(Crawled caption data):
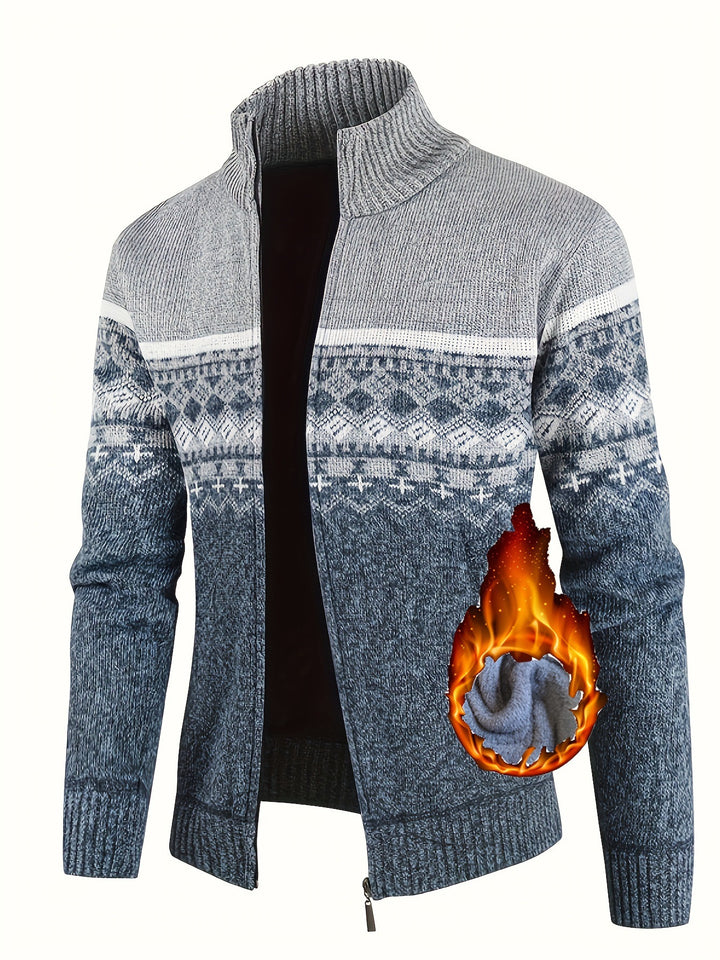 Men's Thermo Cardigan with Stand-up Collar and Zipper Norwegian Knit Fleece-lined Mune Fashion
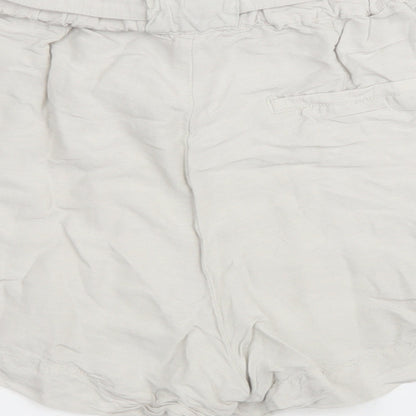 H&M Womens Ivory Linen Chino Shorts Size 6 Regular Drawstring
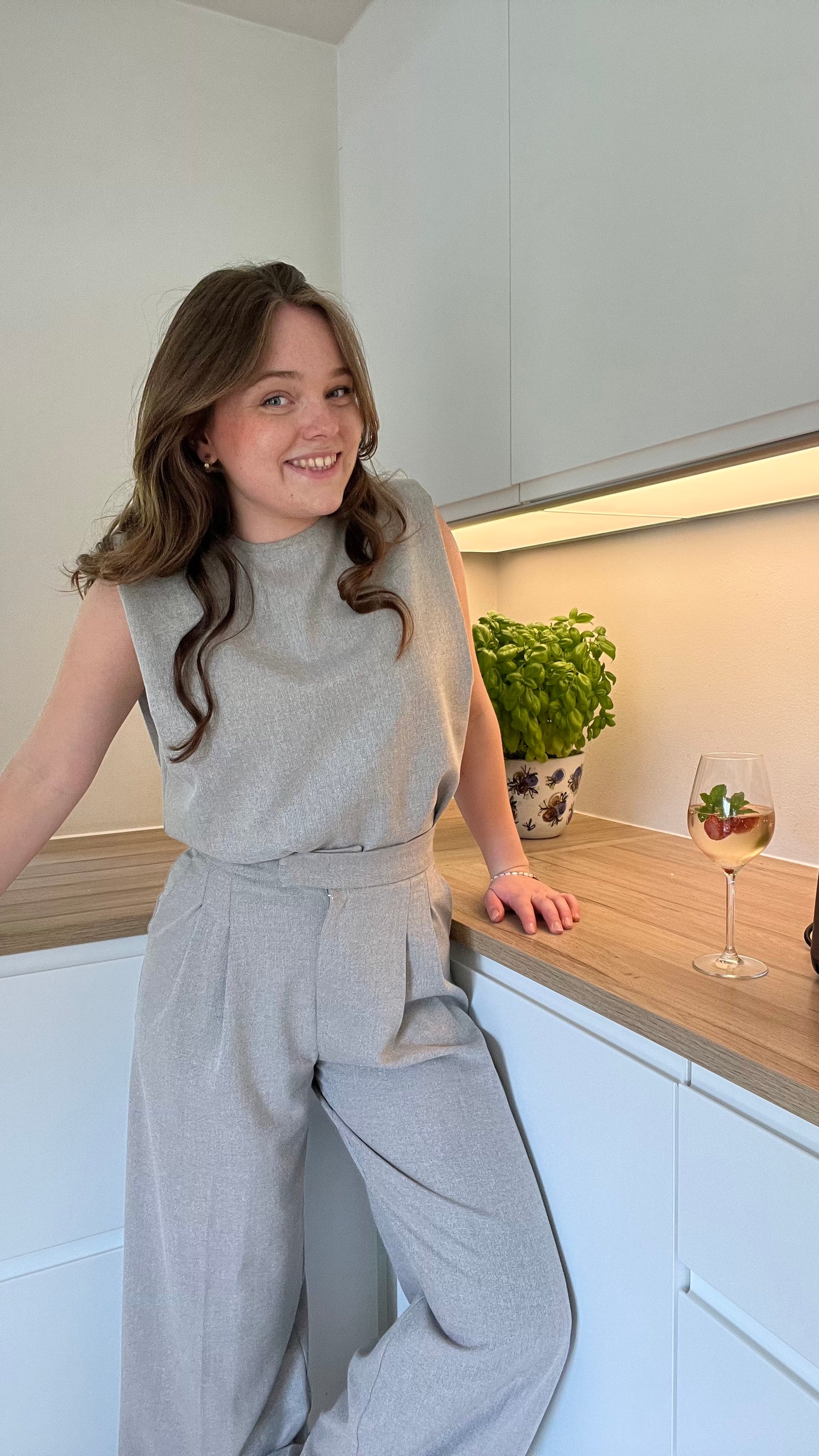 Ellen Johanne Top - Grå/Beige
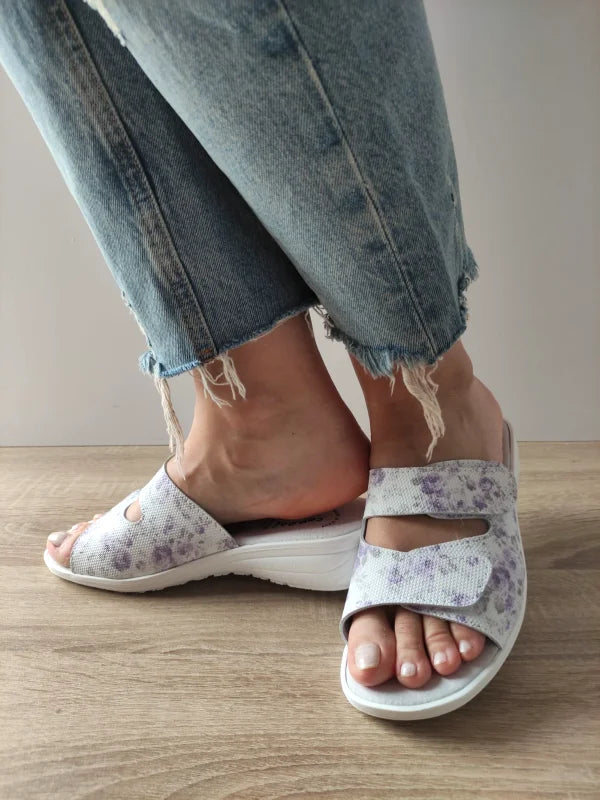 SABOTI MEDICALI DAMA COMODA 2 VELCRI ALBI + FLORI LILA - imagine 2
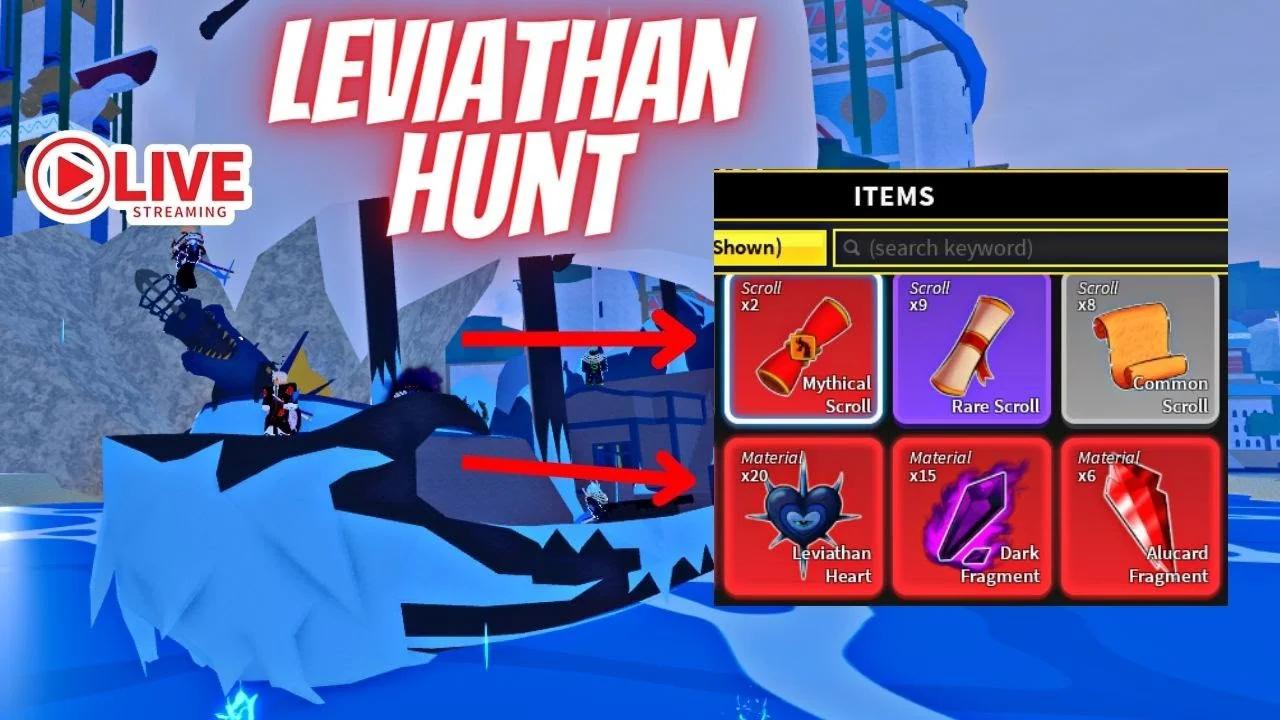 Leviathan Hunt / Obtaining Mythical Scrolls for Blessings Blox Fruits ...
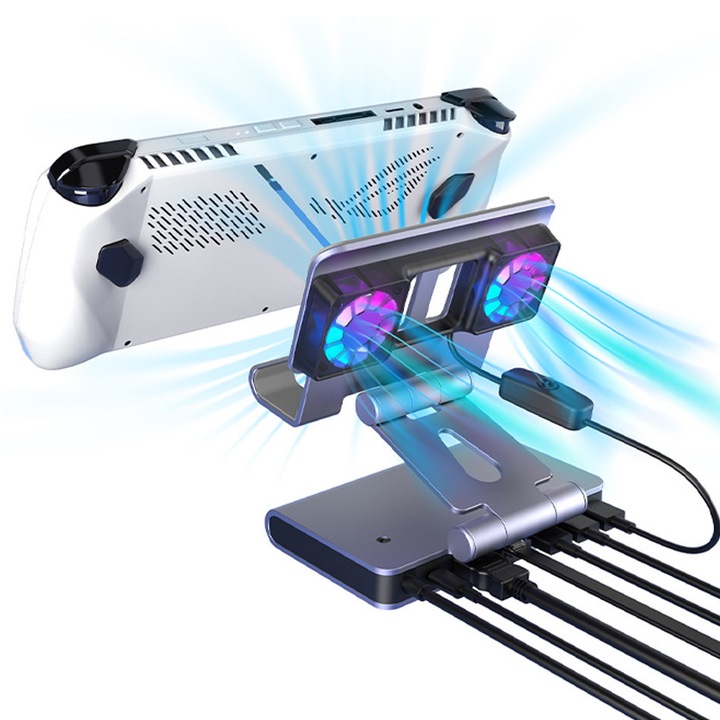 Statie de andocare pentru gaming, Rqiurpn, 6 in 1, HDMI 4K@60Hz, Ethernet 1000Mbps, 3 USB-A 3.0, suport ajustabil, aplicabilitate Steam Deck si ROG Ally, gri inchis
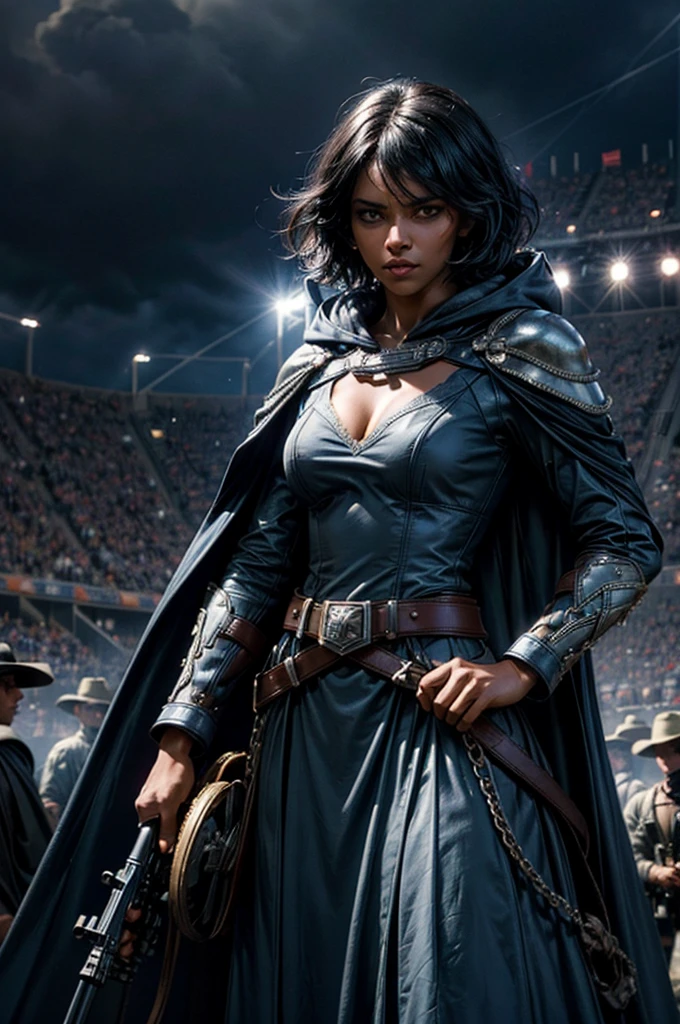 MariaCalavera, dark skin, black hair, short hair, silver eyes, dress, cleavage, cape, belts, hood, cowboy shot, (dynamic pose), standing in stadium, spectators, crowd, blue sky, cloud, (crowd in military uniform), (volumetric lighting), intricate details, tonemapping, sharp focus, hyper detailed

(Aim of the task): Omit the pictures and retype exactly the lines from the one containing "Ellen Johanne Top - Grå/Beige" through the end of the entries above.

(Expected output):
 Ellen Johanne Top - Grå/Beige
 SABOTI MEDICALI DAMA COMODA 2 VELCRI ALBI + FLORI LILA - imagine 2
 Leviathan Hunt / Obtaining Mythical Scrolls for Blessings Blox Fruits ...
 Statie de andocare pentru gaming, Rqiurpn, 6 in 1, HDMI 4K@60Hz, Ethernet 1000Mbps, 3 USB-A 3.0, suport ajustabil, aplicabilitate Steam Deck si ROG Ally, gri inchis
 MariaCalavera, dark skin, black hair, short hair, silver eyes, dress, cleavage, cape, belts, hood, cowboy shot, (dynamic pose), standing in stadium, spectators, crowd, blue sky, cloud, (crowd in military uniform), (volumetric lighting), intricate details, tonemapping, sharp focus, hyper detailed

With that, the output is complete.